▶ **Your instructions**: Within the lines below, the span from the line with "Retrato profissional de Florinda Carvalho" to the line with "Apartament wakacyjny dla", both ends included, is to be reproduced exactly, with pictures omitted.

▶ **Recorded data**:
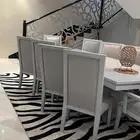 طاوله طعام بحاله ممتازه 10كراسي مع البوفيه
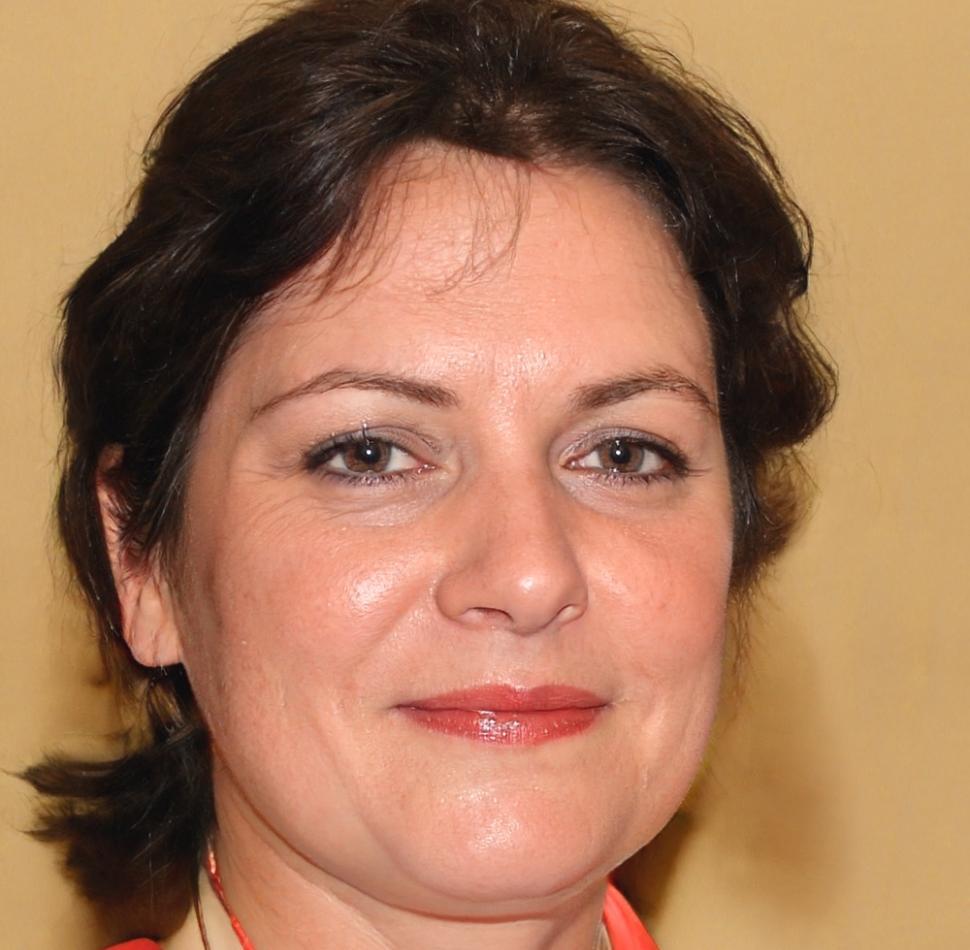 Retrato profissional de Florinda Carvalho
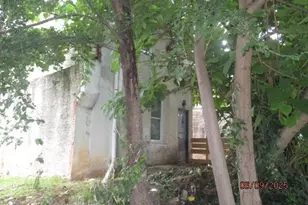 1142 W Nevada St, Philadelphia, PA 19133 - Photo 6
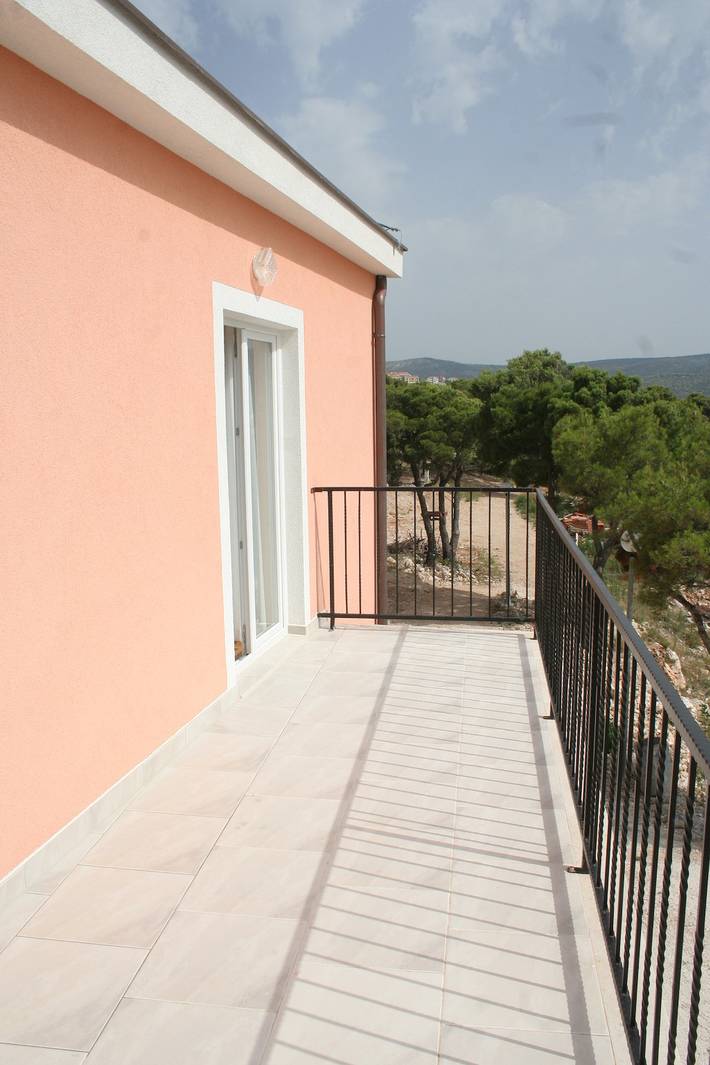 Apartament wakacyjny dla 4 osób, z balkon/ taras, zwierzęta dozwolone w Rogoznica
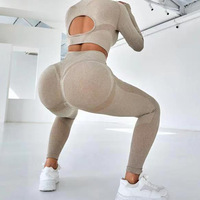 Ensemble de yoga deux pièces côtelé sans couture pour femme : Crop top respirant à manches longues et legging de sport taille haute avec soutien-gorge de sport intégré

▶ **Problem solution**:
 Retrato profissional de Florinda Carvalho
 1142 W Nevada St, Philadelphia, PA 19133 - Photo 6
 Apartament wakacyjny dla 4 osób, z balkon/ taras, zwierzęta dozwolone w Rogoznica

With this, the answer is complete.